Superstore B had clearly decided to tell a story about Price. A giant display in the atrium showed budget private label cleaning products piled high at a very low price.
The store was making sure that its primary message was strongly communicated right from the outset. Within the store, point-of-sale banners displaying a bold low-price message were attached to every gondola. Despite the “cheap” feel of the store, the staff experience was high-end, with friendly, helpful cashiers and aisle staff communicating well.
Superstore C had just opened next to Superstore B. However, it did not compete with its neighbour on price. On the contrary, it had a single message from the word go, using billboard displays outside the store and in the car park to display a slogan about Quality. The prices were often higher in this store, but the expectation of premium had been effectively set.

Managing the experience
Where these retailers win, and our French example would seem to lose out, is around managing customer expectations. Each of the UK retailers told customers what to expect, either as they entered or before they entered the store, and then set about strongly delivering that experience. By contrast, our French retailer set customers up for disappointment and then compounded it by giving terrible service.
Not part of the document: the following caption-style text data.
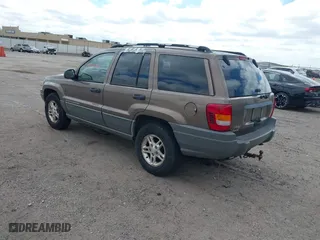 2002 Jeep Grand Cherokee Laredo with VIN 1J4GW48S32C123720, listed as a IAAI auction lot 41909204 with 157,996 mi miles. Bid and sale history available at carsss.com. Image 3.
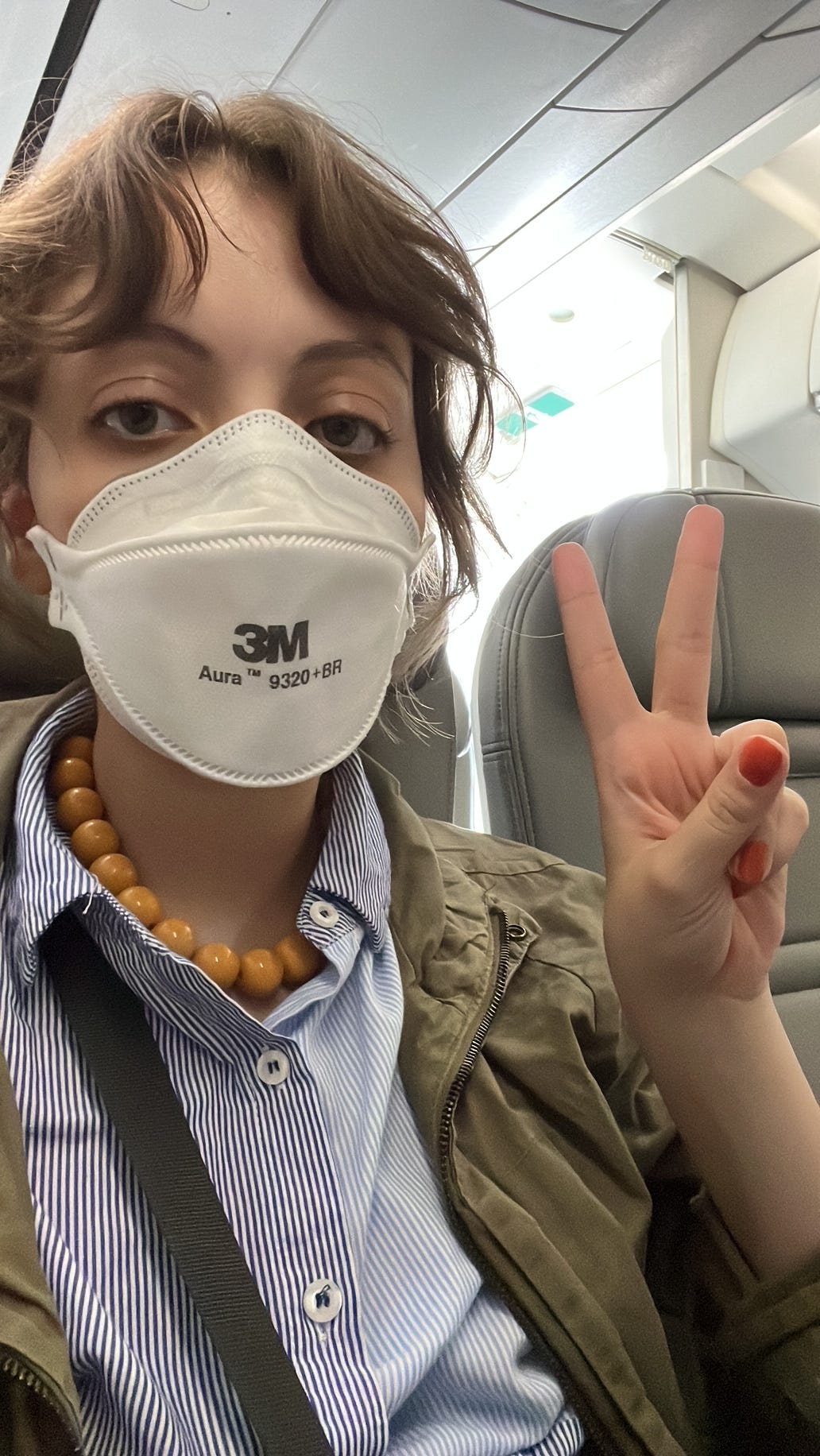 Selfie no avião, fazendo o sinal da paz com os dedos. Estou com os olhos caídos e cara de quem apanhou, cabelo de doida, máscara no rosto, camisa social e casaco verde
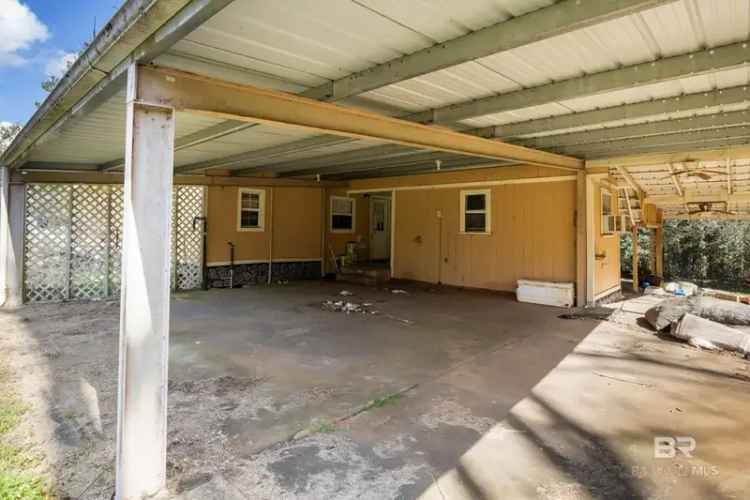 Fixer Upper Buy Opportunity on 4 Acres with Workshop and Carports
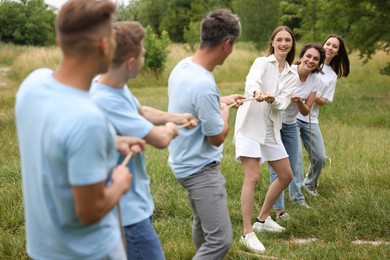 Photo of Team building. Group of happy people playing tug of war with rope outdoors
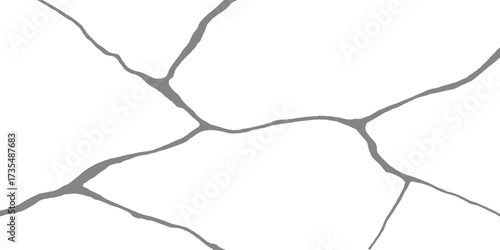 Closeup of cracked white concrete wall texture with an old, abstract broken surface pattern like a map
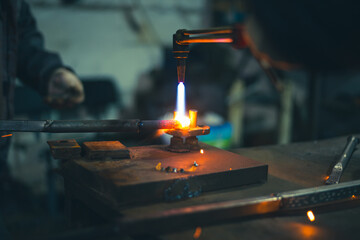 Workers of the blacksmith's workshop heat the metal part to red, for further forging and giving the desired shape. High quality photo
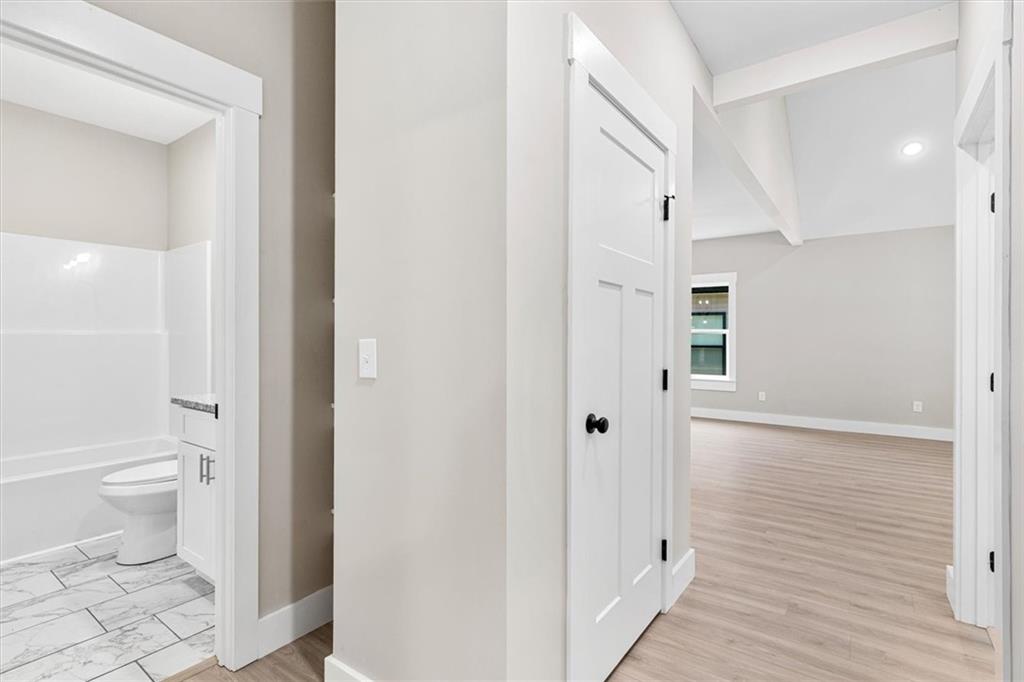 152 Washington Street Dalton, GA 30721 - Photo 31 of 40 a bathroom with a toilet and a shower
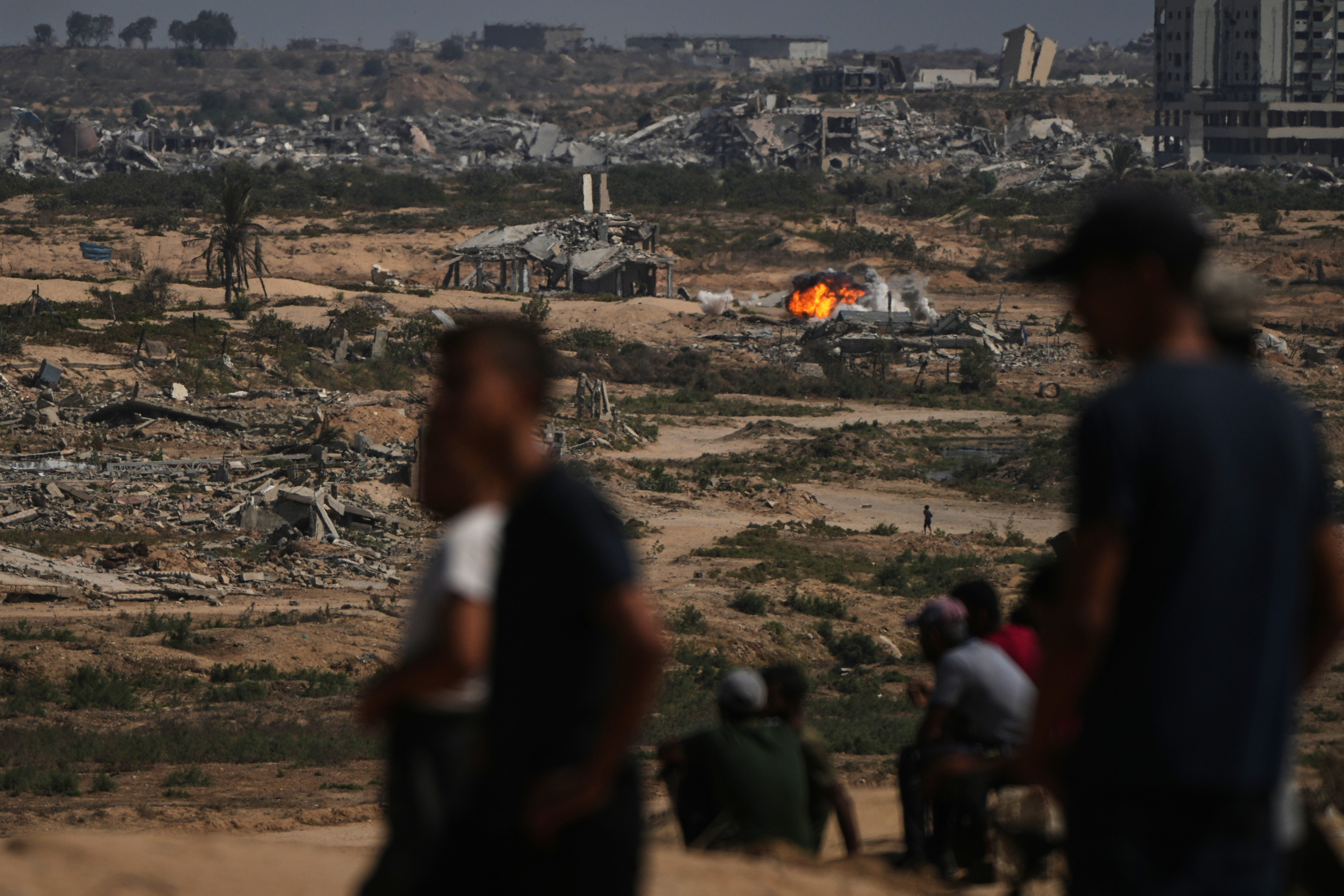 Fire and smoke rises following an Israeli army shelling in Nuseirat, central Gaza Strip, Saturday, Oct. 4, 2025.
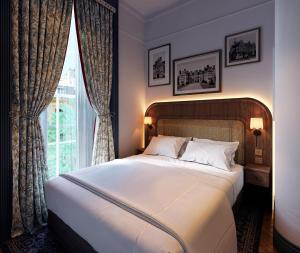 Ένα ή περισσότερα κρεβάτια σε δωμάτιο στο Bertrand's Townhouse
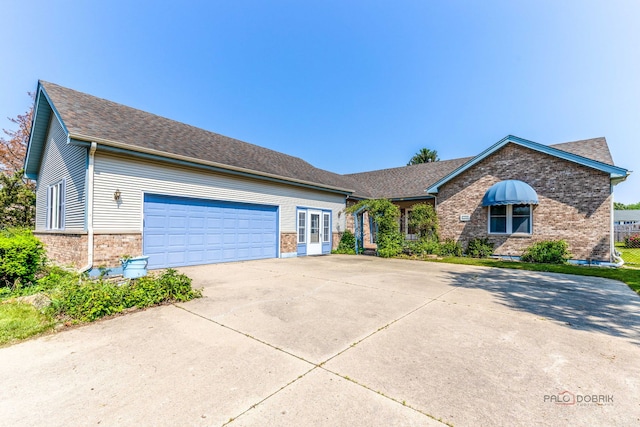 3206 Turnberry Dr, Mchenry, IL 60050 - ranch-style house featuring brick siding, concrete driveway, an attached garage, and roof with shingles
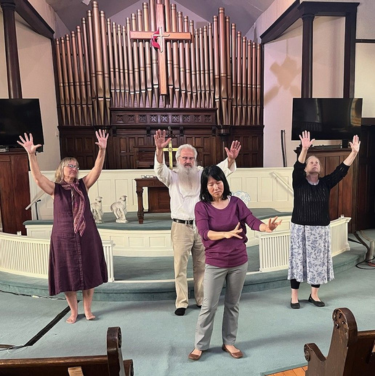 Worshipers dancing in church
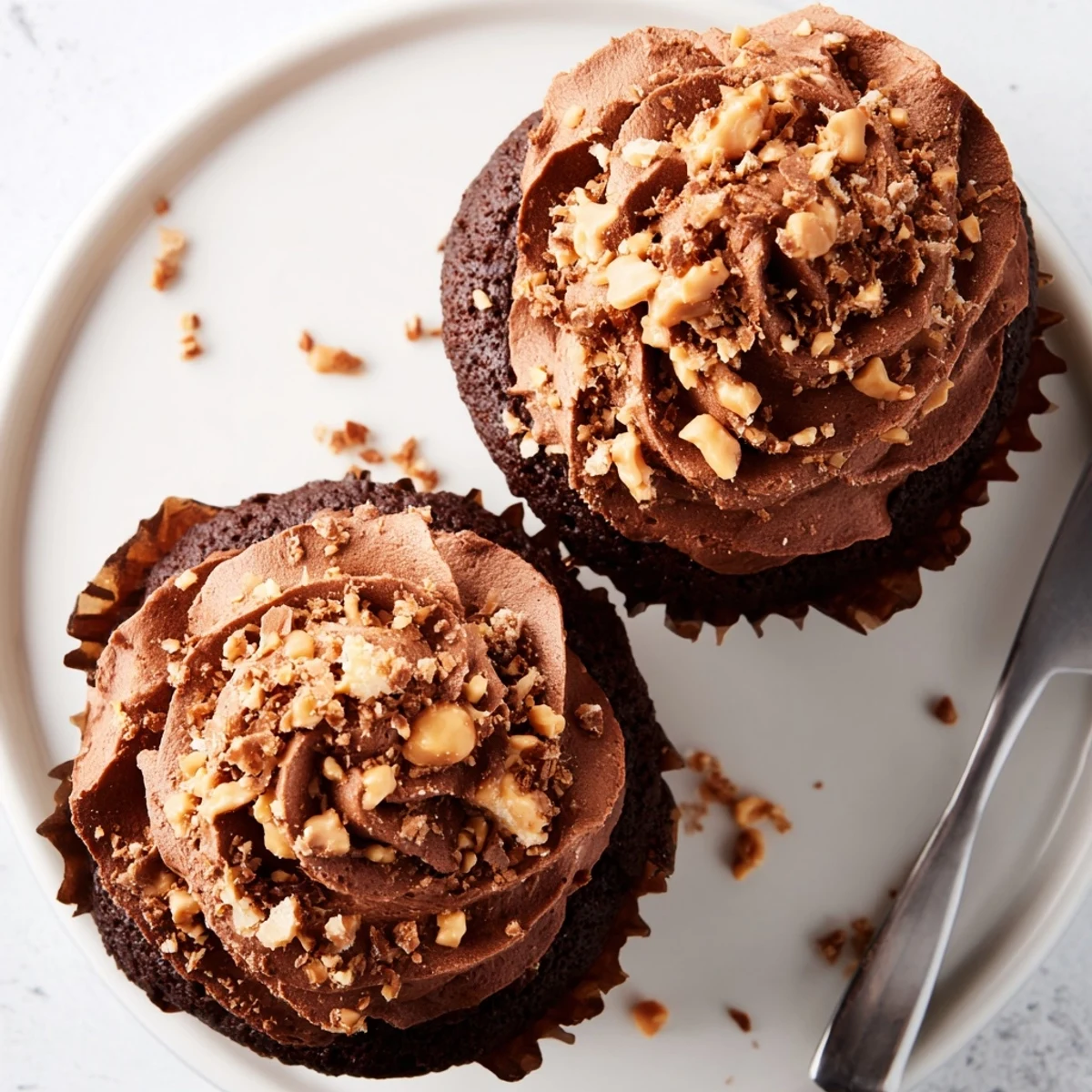 Homemade Butterfinger cupcakes featuring a surprise peanut butter center and crushed candy topping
It’s tempting to see shopper data as a possible way for both the French supermarkets to get a clearer picture of what their customers want. Neither operates a loyalty scheme. Nearby, however, a Carrefour hypermarket has just relaunched following extensive customer research via its loyalty card scheme. The data pointed to an affluent shopper and so the new hypermarket has a premium feel and really does
deliver a market experience in places, with an extended fresh fruit and veg section,
alluring displays and a fishmonger calling out the day’s specials. In the US, Food Lion used shopper data to segment its customers and then executed a multi-banner strategy, with each banner addressing a different cluster of shopper types. The first
two UK stores operated loyalty schemes. It should also be noted that both the French
stores are franchised, while all the UK examples are wholly-owned.
Researchers such as Mintel are sceptical about the ability of loyalty schemes to
engender loyalty by themselves. Even so, they can give the retailer valuable
information about who is shopping with them; information that can then be used, as
Carrefour has done, to create an accurately targeted experience, which may in turn
inspire loyalty. “In the 1990s, category management was all about point of sale data,” writes Willard Bishop analyst Craig Rosenblum in the August edition of Competitive Edge. “In the 21st century it’s all about shopper data … With shopper data, retailers and consumer goods manufacturers can create unique promotional programs and events tailored to unique customer groups.” However, Rosenblum warns against starting without a clear vision. Before you begin leveraging the power of shopper data, you need to ask: “What is my strategy to win with shoppers?” he says.
Surely, though, it is even cheaper to spend some time talking to your customers on the shop floor. Had it performed this simple task, Shop A may have discovered that a refit was not necessary, that staff levels, morale and training were the issues damaging the business.